Dax erreicht wieder Jahreshoch

Heute stehen wichtige Entscheidungen an un die Anleger trauen sich kaum aus der Deckung. Der Schwerpunkt liegt heute bei den Firmenbilanzen und einen weitern Kurs der US-Notenbank was die Geldpolitk der USA betrifft. Trotzdem kletterte der Dax um weitere 0,3 Prozent auf 6.670 Zähler und markiert damit ein neues Jahreshoch.

Die Anleger trauen sich heute nicht große Sprünge zu machen, da eine weitere Lockerung der Geldpolitik von der US-Notenbank erwartet wird.  Somit richten sich alle Augen auf die Fed, die heute Abend gegen 19:15 Uhr (MEZ) durch Notenbankchef Ben Bernanke die Entscheidung bekannt geben wird.  Durch diese Entscheidung nutzen auch die guten Zahlen der Unternehmen nichts, da die Anleger heute kein Risiko eingehen möchten. Auch wenn die Investoren die Schlappe von US-Präsident Barack Obama schnell abgehakt haben, da das Ergebnis keine Überraschung war.

Weitere Anleihekäufe werden erwartet

Zu erwarten ist, dass die Fed weiter Anleihekäufe beschließt und damit die Wirtschaft stützt. Noch ist aber nicht bekannt wie viel sie kaufen wird. Es sind Zweifel aufgekommen wie stark die Notenbank tatsächlich aufs Gas tritt, da die Konjunkturdaten doch besser ausfielen wie erwartet. Um die Kritiker beruhigen zu können und Marktteilnehmer nicht zu enttäuschen, besteht die Möglichkeit flexibel zu bleiben und das Volumen nicht zu fixieren und keinen zeitlichen Rahmen anzugeben.

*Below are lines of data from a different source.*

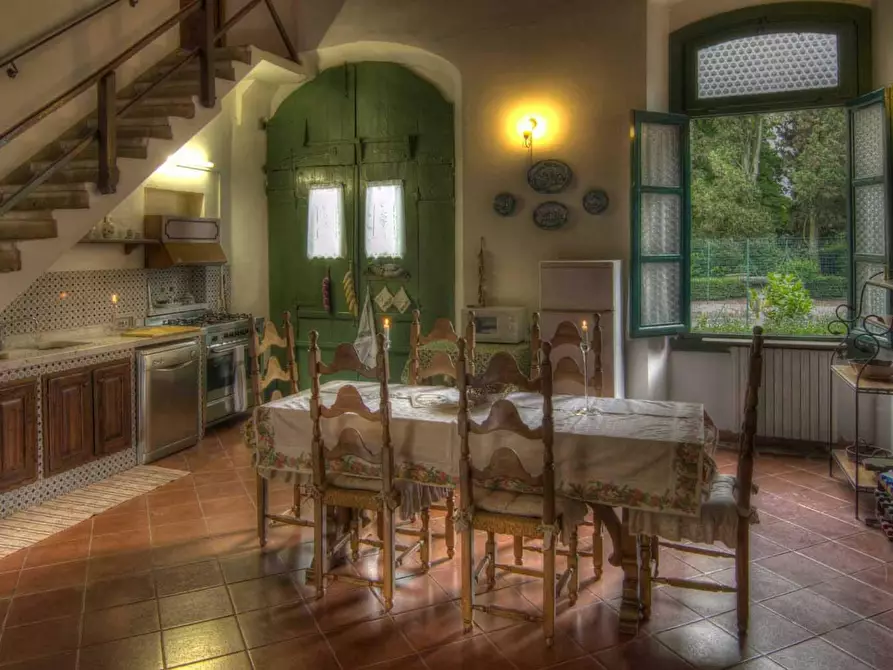 Immagine 7 di Casa indipendente in affitto  in Via Livornese a Lastra A Signa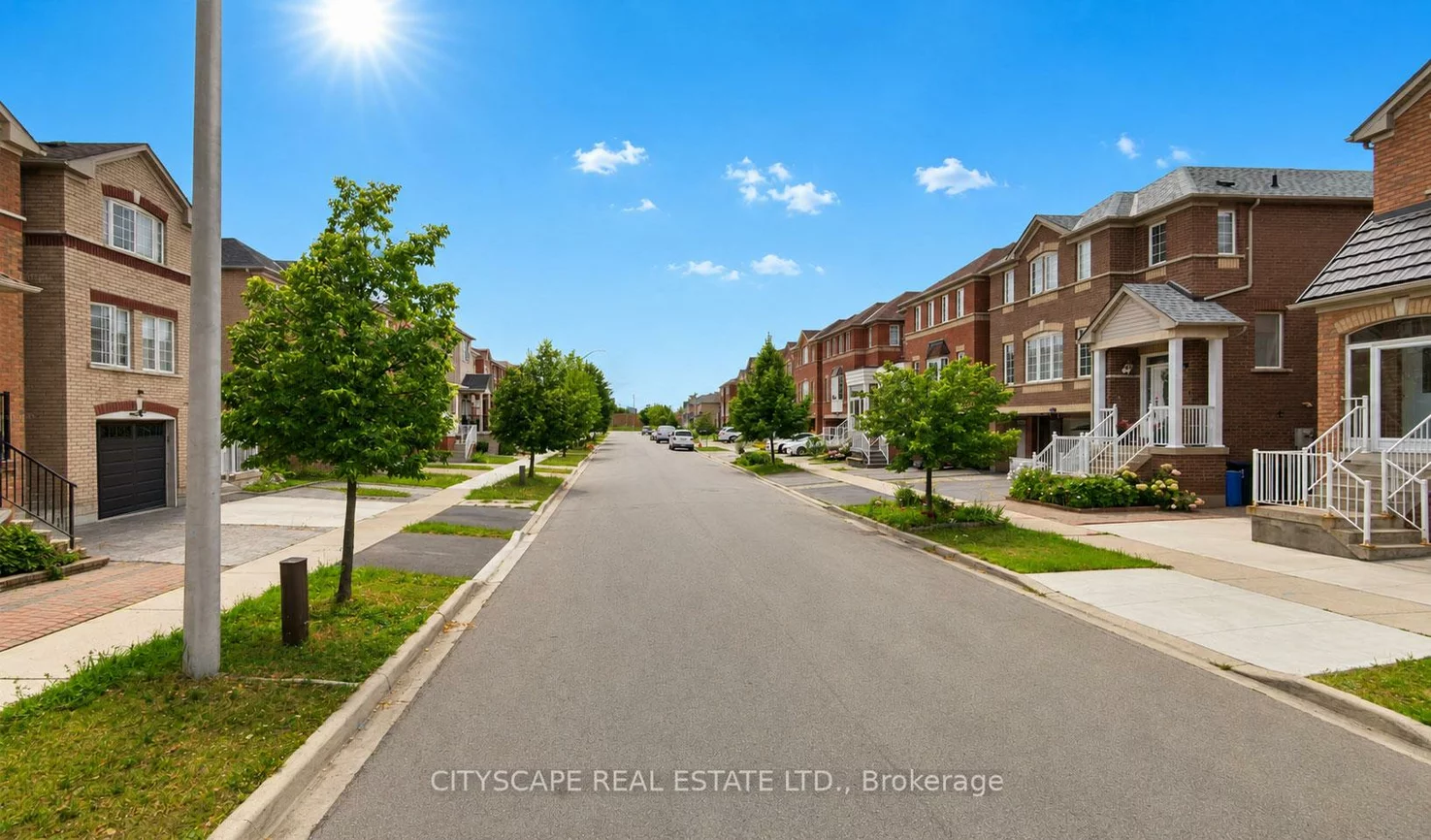 29, Centrepark, Brookhaven-Amesbury, Toronto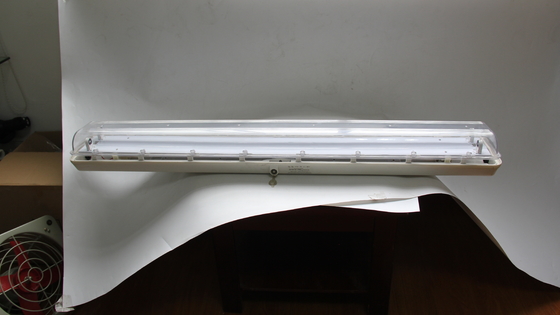 Đèn tuyến tính LED chống cháy nổ chống thấm nước cho giàn khoan dầu, nhà máy hóa chất và trạm xăng – Chứng nhận ATEX/IECEx/CNEX, Tiết kiệm năng lượng, Bền bỉ, Dễ lắp đặt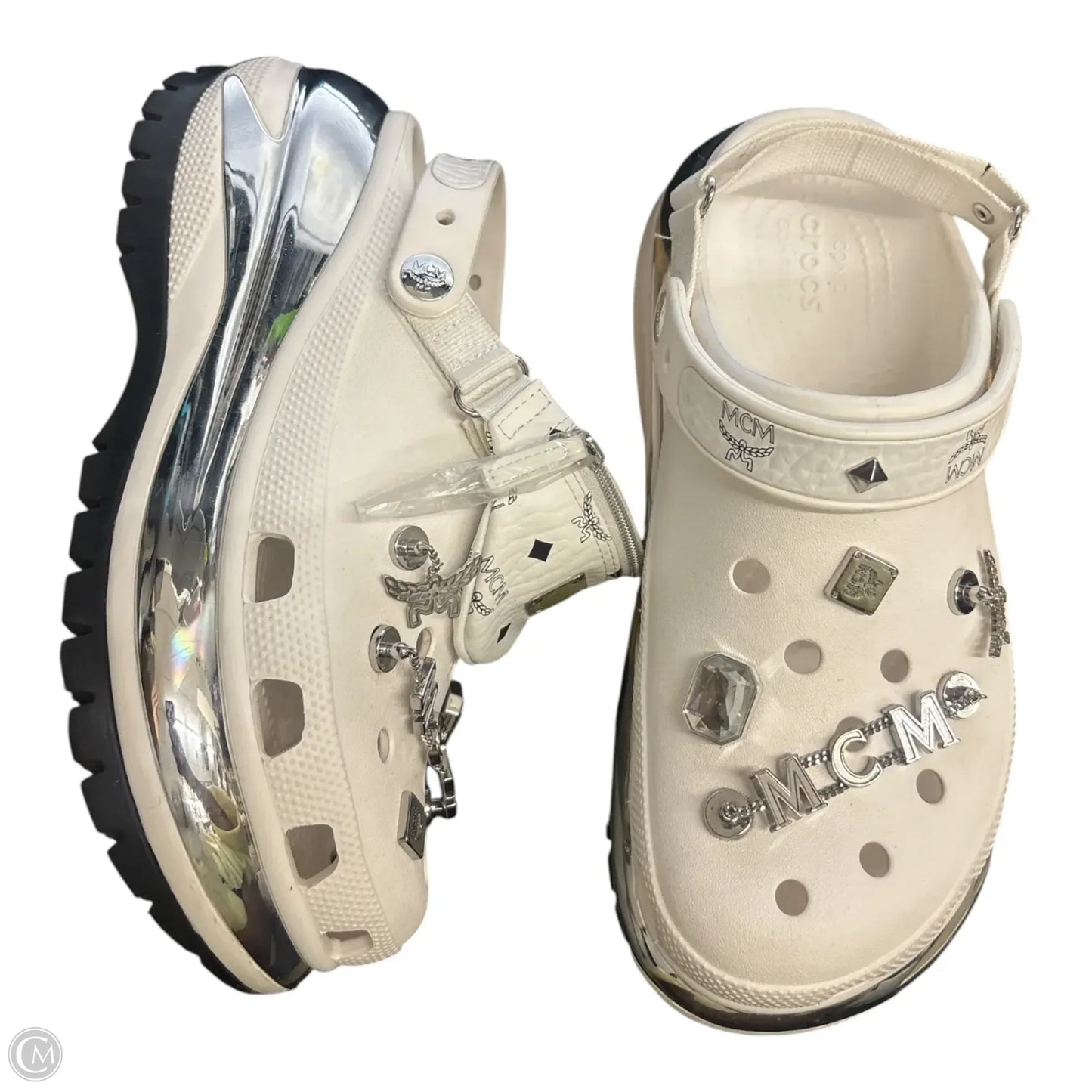 Shoes Flats By Crocs In White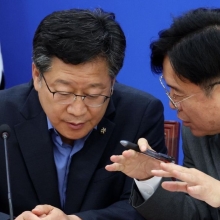 [포토] 대화하는 김영훈-안호영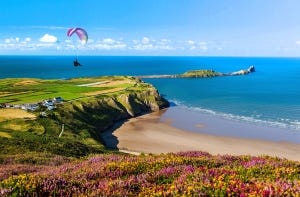 Hang-gliding over Rhossili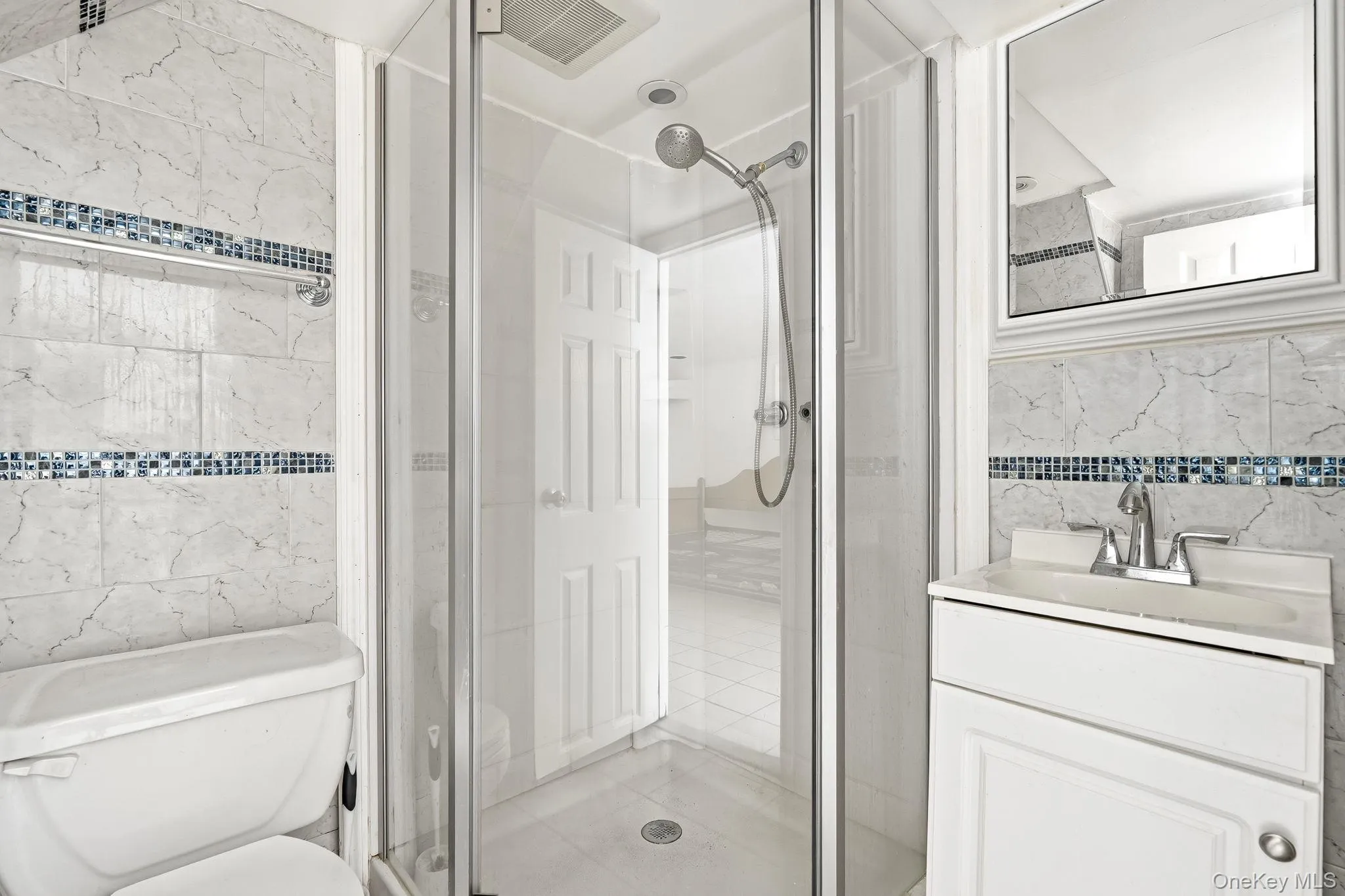 Lower Level Full Bathroom. Lower Level Full Bathroom.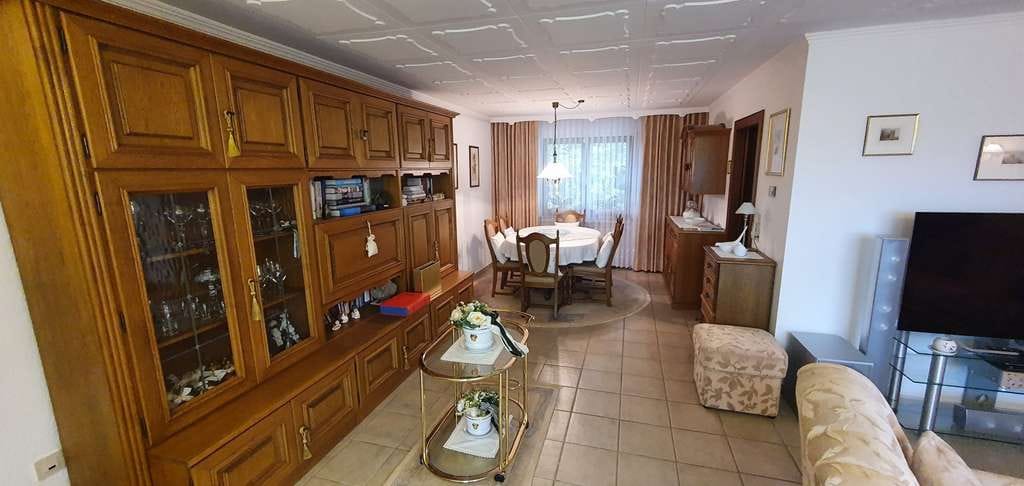 Immobilie in Fränkisch-Crumbach - Freistehendes Einfamilienhaus mit ELW und schönem Garten in Fränkisch-Crumbach zu verkaufen - Bild 4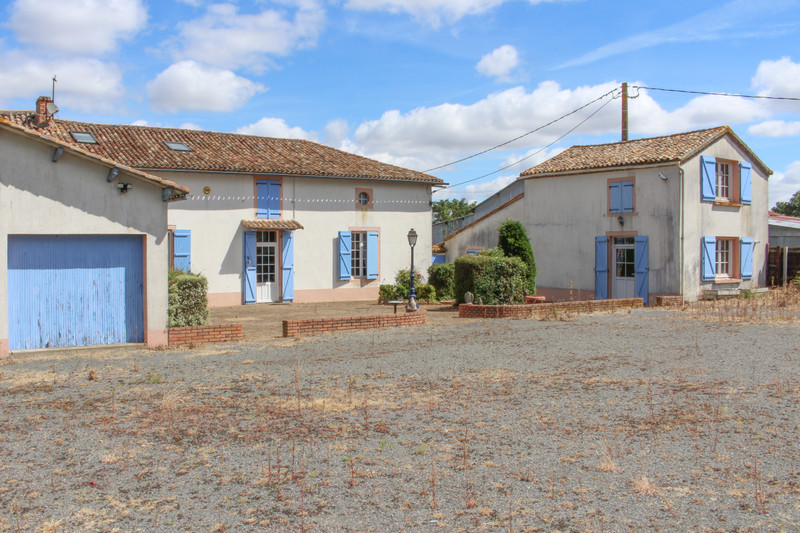 French property for sale in Faye-l'Abbesse, Deux-Sèvres - €200,000 - photo 9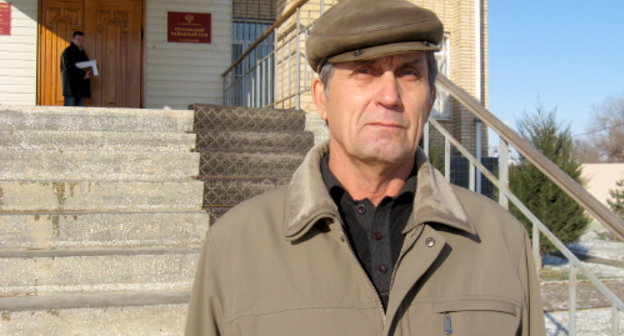 Астраханский предприниматель Михаил Озорнин у здания Трусовского районного суда г. Астрахани, 24 ноября 2011 г. Фото Вячеслава Ященко для "Кавказского узла"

Börsennotierte Konzerne lassen die Krise hinter sich

Anders in Deutschland, hier haben große börsennotierte Konzerne die Krise hinter sich gelassen und sind wieder auf Erfolgskurs im dritten Quartal. Im Vergleich zum Vorjahreszeitraum könnte sich ihr Gewinn sogar verdoppelt haben. Laut dpa-Berechnung legten die Umsätze von 14 der 30 Leitindex Dax notierten Unternehmen durchschnittlich 21 Prozent zu. Weltweit dagegen wurden von den Unternehmen nur ein kleines Plus von etwa drei Prozent verzeichnet. Dafür explodierten die Ergebnisse nach Steuer von den 14 Konzernen um 103 Prozent. Auch musste nur die Deutsche Bank einen Rückgang des Gewinns verzeichnen. Selbst bei den Umsätzen gab es keine Besonderheiten. Der Autobauer BMW konnte den stärksten Zuwachs der Erlöse mit 36 Prozent melden und beim Handelskonzern Metro fiel das Plus am kleinsten aus, etwa fünf Prozent. Noch bis zum 30. November dauert die Berichtssaison und dann stellt der Stahlkonzern Thyssen Kurpp die Jahreszahlen seines Geschäftsjahres 2009/2010 vor.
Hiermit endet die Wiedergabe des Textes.